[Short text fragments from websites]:
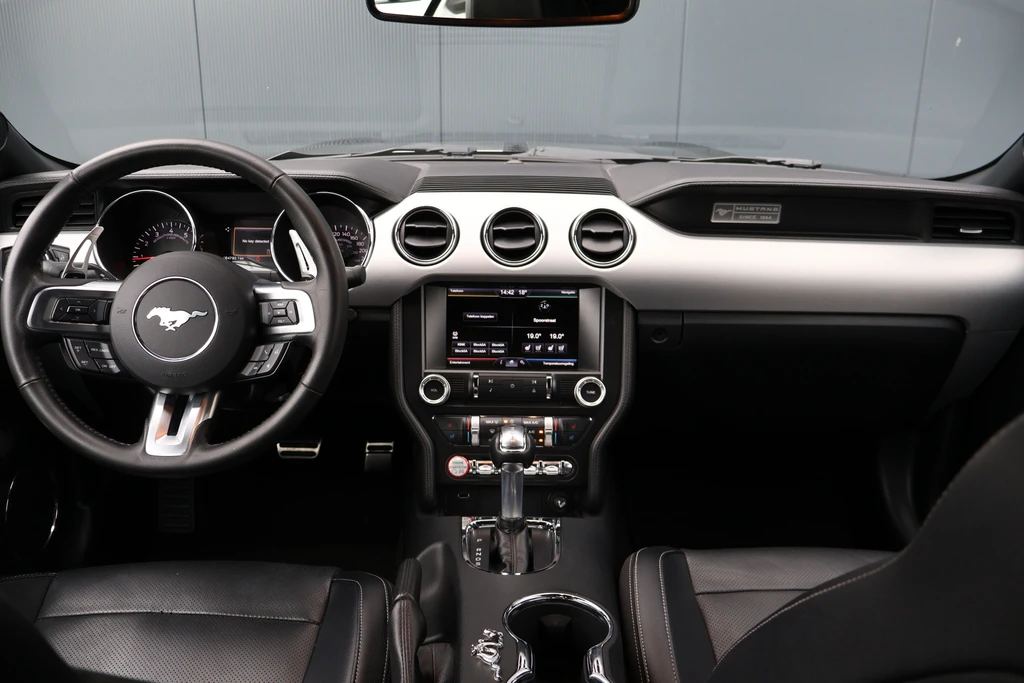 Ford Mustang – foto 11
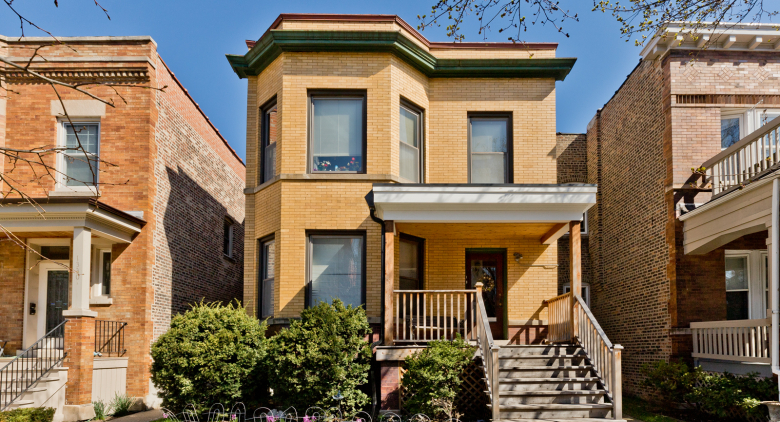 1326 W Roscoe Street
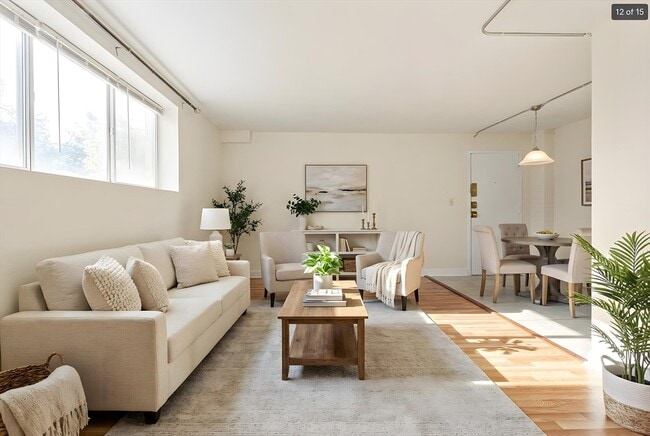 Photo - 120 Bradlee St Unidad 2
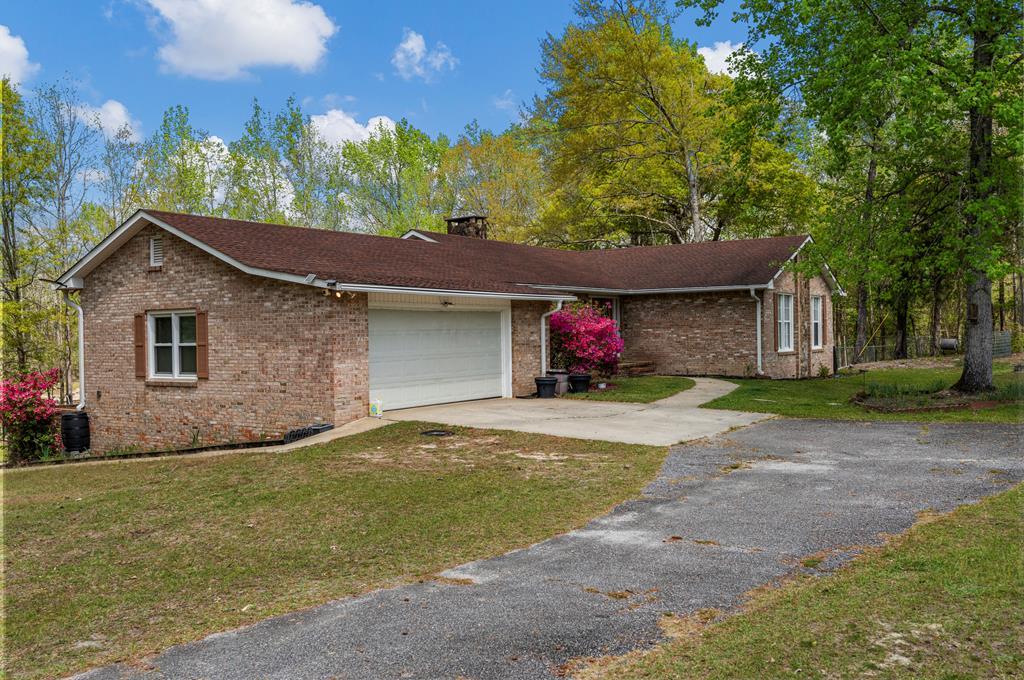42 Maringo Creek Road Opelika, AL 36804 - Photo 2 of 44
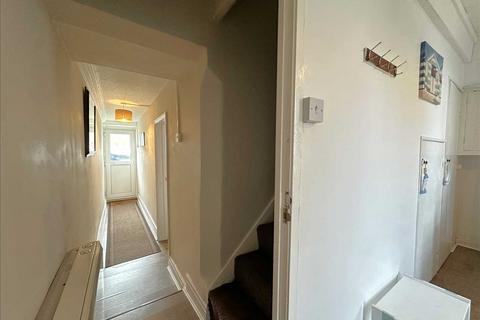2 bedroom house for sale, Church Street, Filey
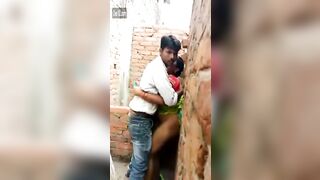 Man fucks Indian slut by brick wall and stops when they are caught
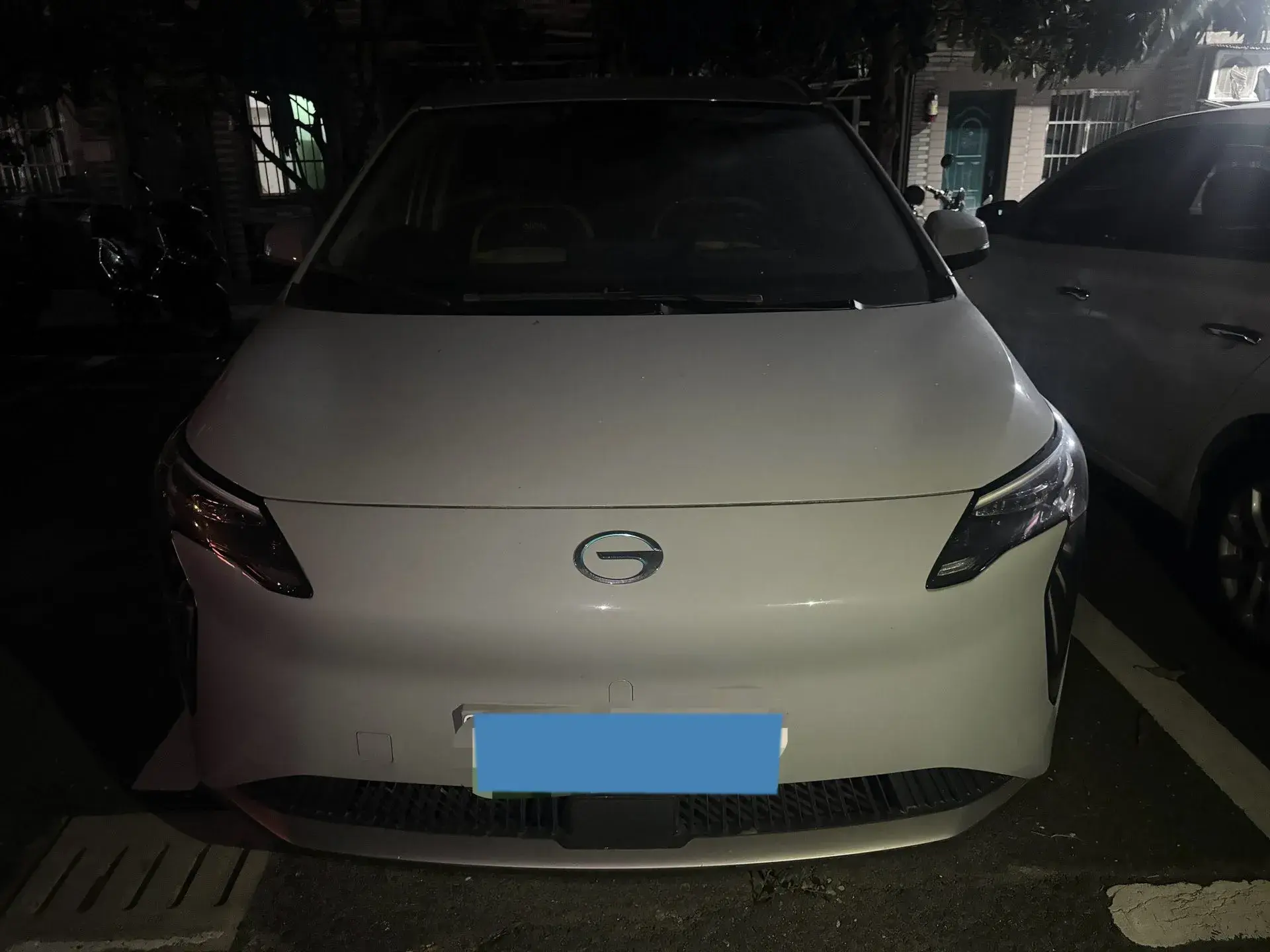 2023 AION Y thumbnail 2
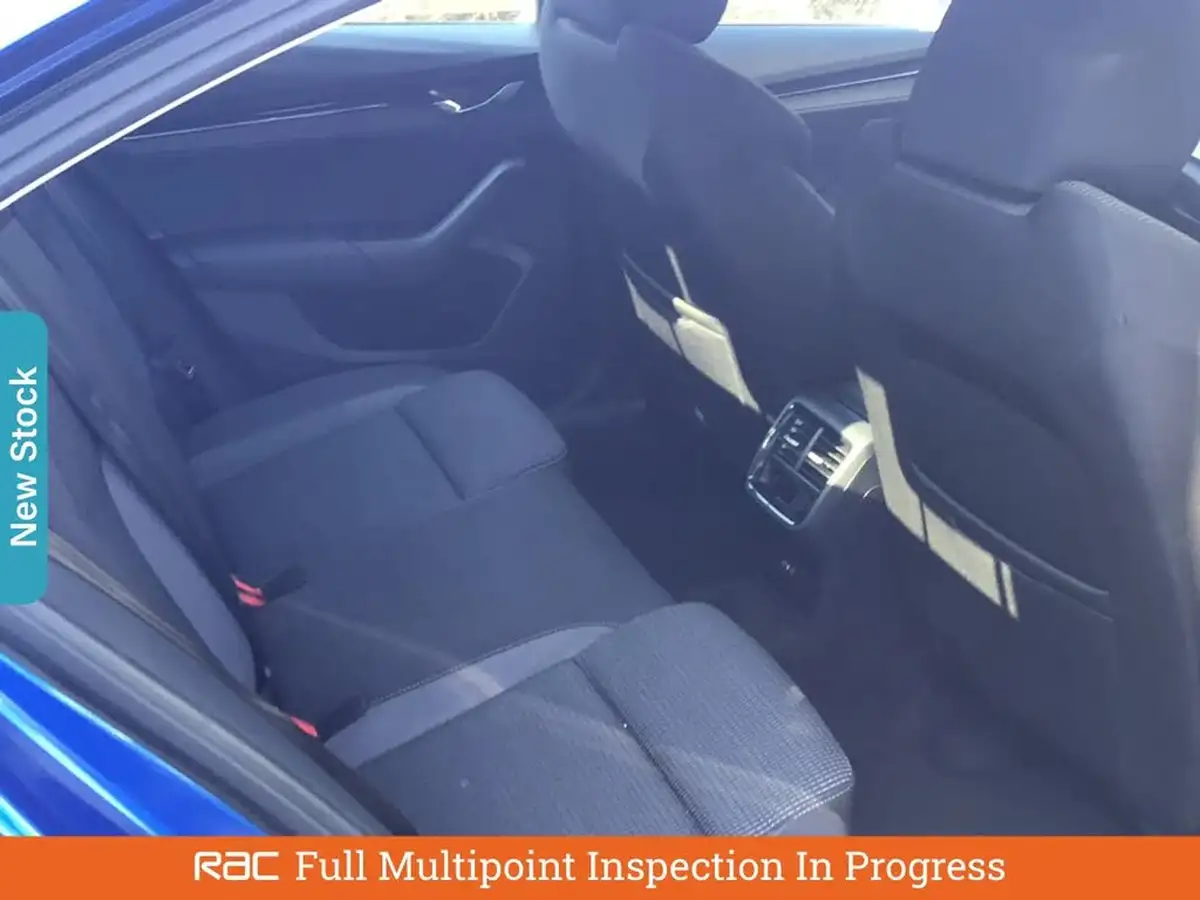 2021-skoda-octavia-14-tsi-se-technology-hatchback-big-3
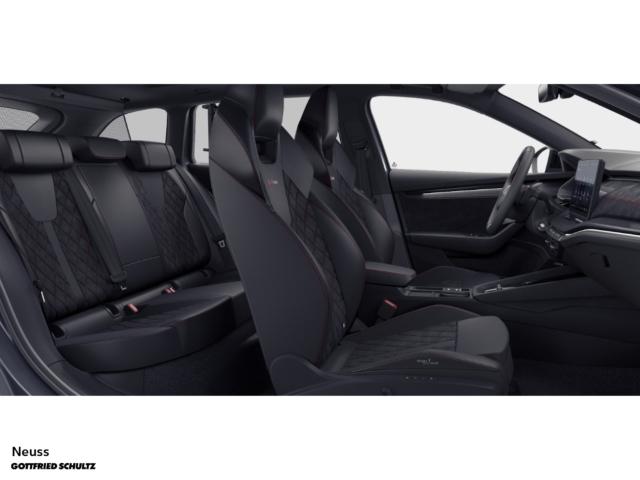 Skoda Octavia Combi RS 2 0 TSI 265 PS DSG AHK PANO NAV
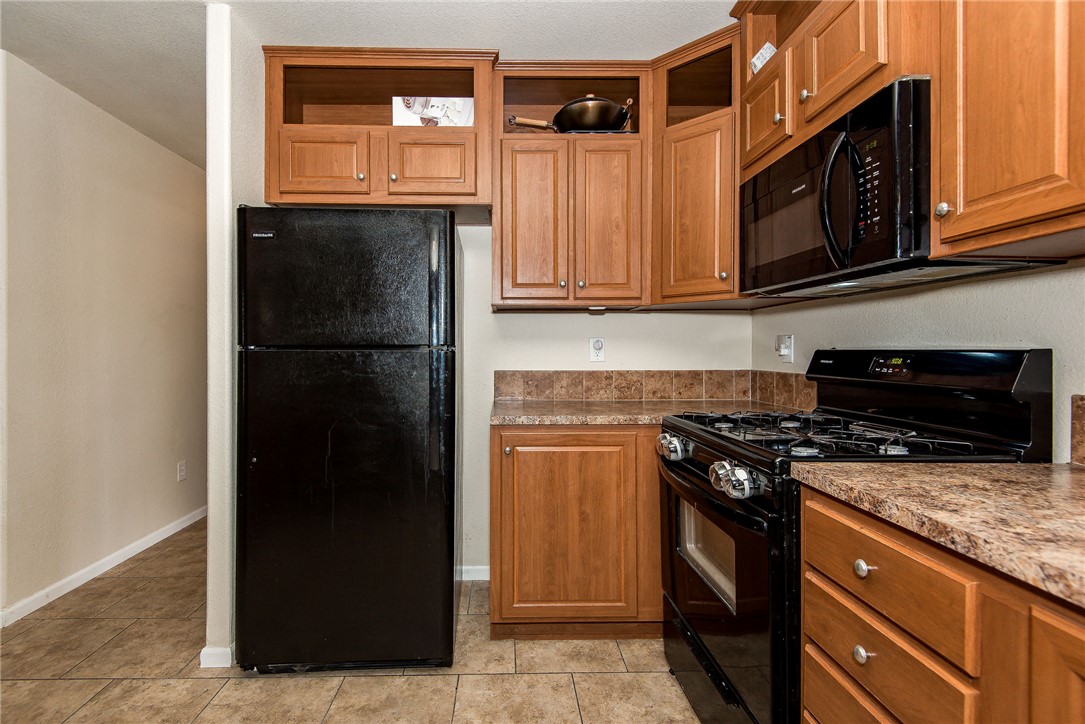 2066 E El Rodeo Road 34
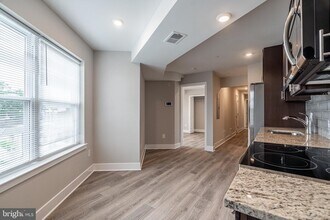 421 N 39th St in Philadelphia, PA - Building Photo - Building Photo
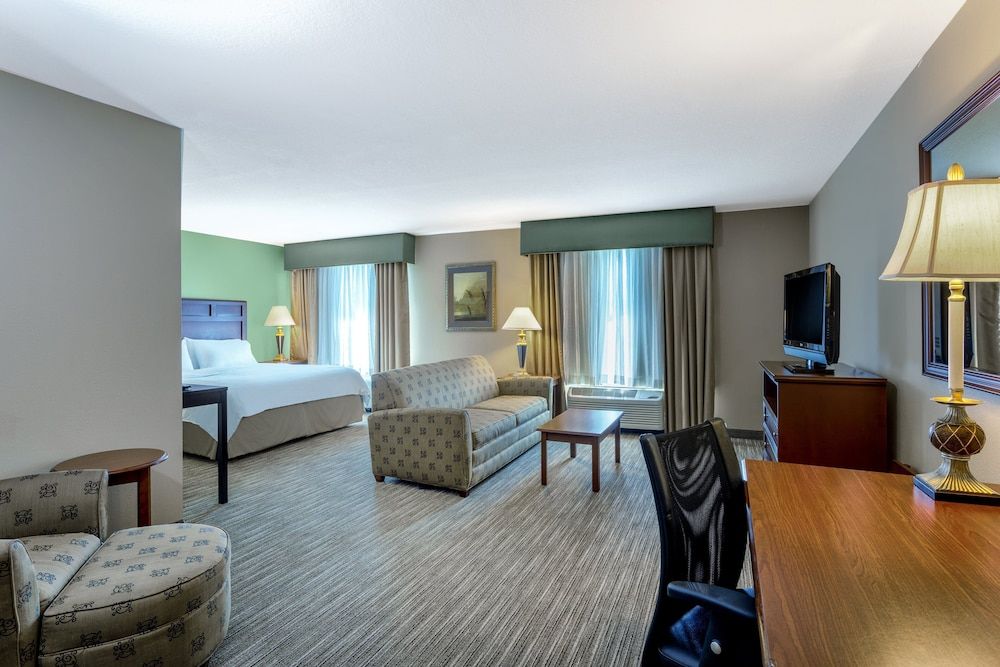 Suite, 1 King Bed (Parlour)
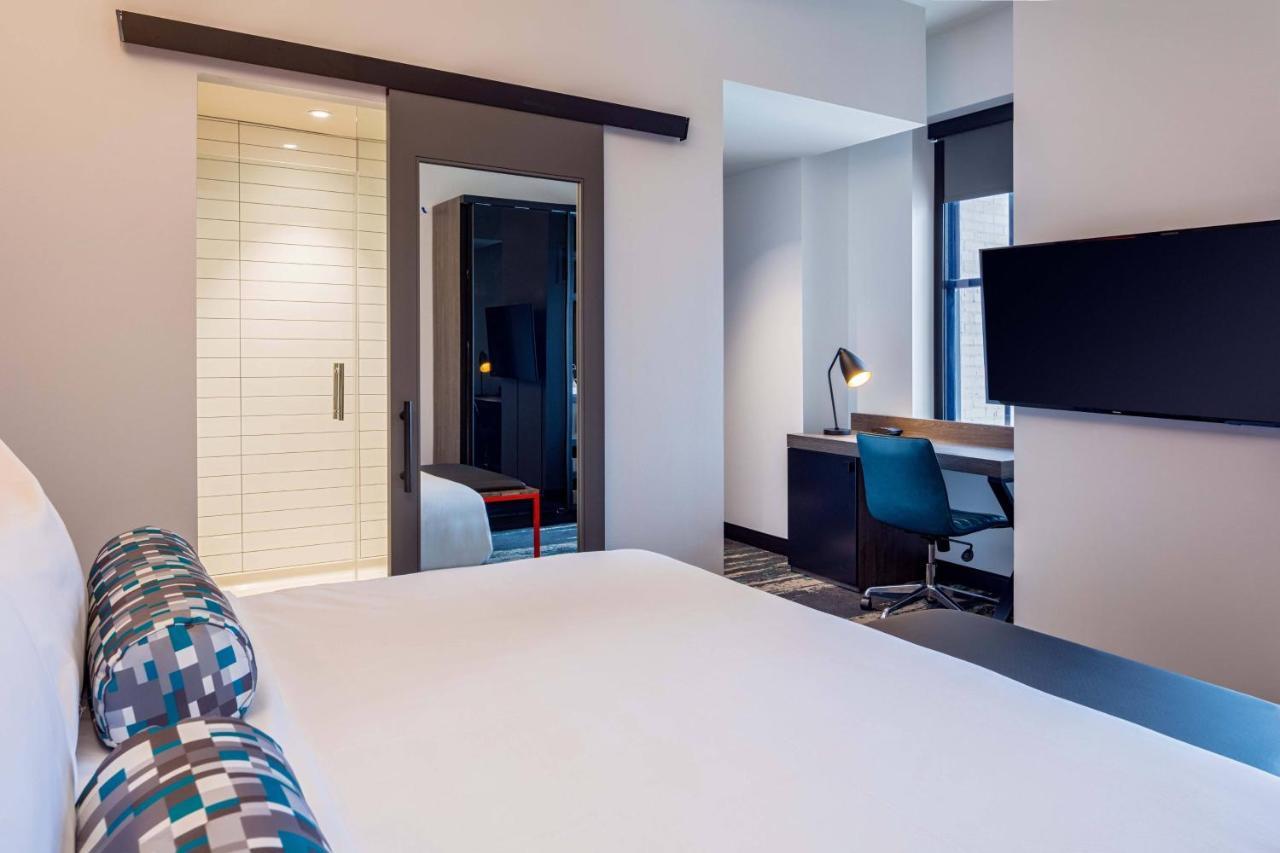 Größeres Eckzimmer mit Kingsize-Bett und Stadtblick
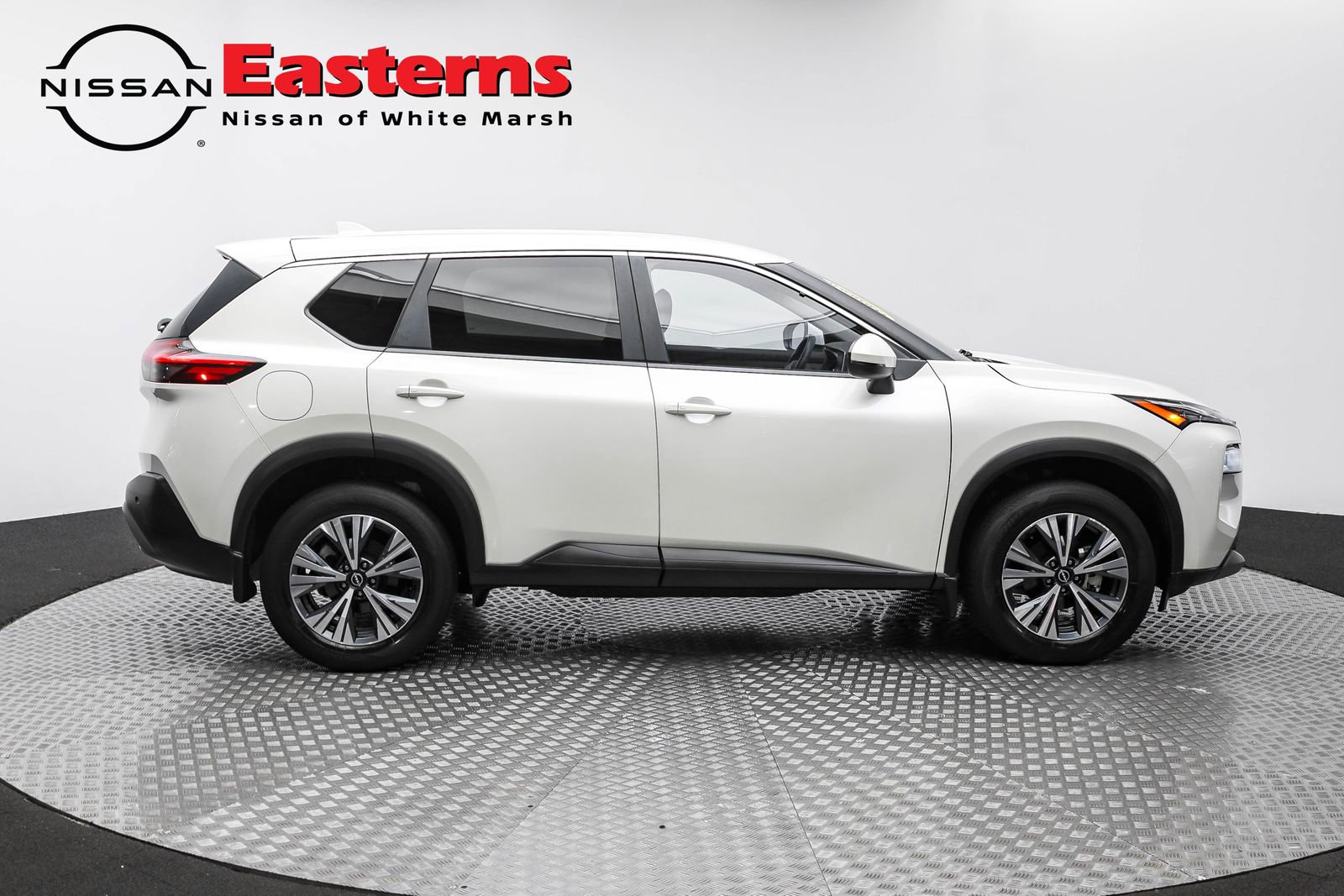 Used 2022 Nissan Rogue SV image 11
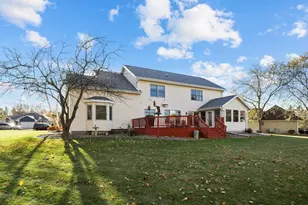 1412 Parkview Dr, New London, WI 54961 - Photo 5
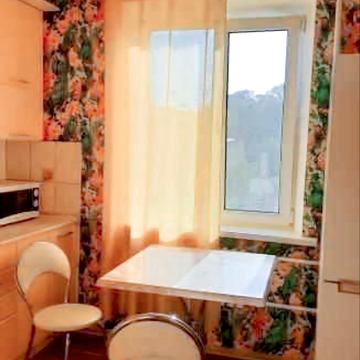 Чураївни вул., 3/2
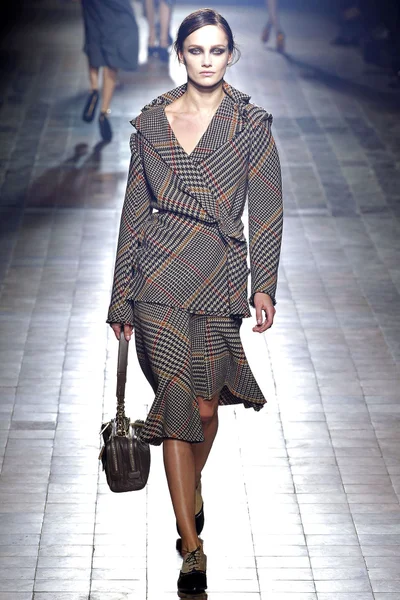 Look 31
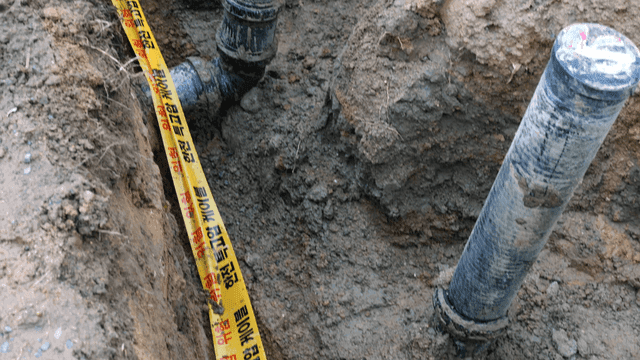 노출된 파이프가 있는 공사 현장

[Your instructions]: Exclude all pictures and reproduce exactly the lines from the one containing "Man fucks Indian" through the final line of the entries above.

[Finished task]:
 Man fucks Indian slut by brick wall and stops when they are caught
 2023 AION Y thumbnail 2
 2021-skoda-octavia-14-tsi-se-technology-hatchback-big-3
 Skoda Octavia Combi RS 2 0 TSI 265 PS DSG AHK PANO NAV
 2066 E El Rodeo Road 34
 421 N 39th St in Philadelphia, PA - Building Photo - Building Photo
 Suite, 1 King Bed (Parlour)
 Größeres Eckzimmer mit Kingsize-Bett und Stadtblick
 Used 2022 Nissan Rogue SV image 11
 1412 Parkview Dr, New London, WI 54961 - Photo 5
 Чураївни вул., 3/2
 Look 31
 노출된 파이프가 있는 공사 현장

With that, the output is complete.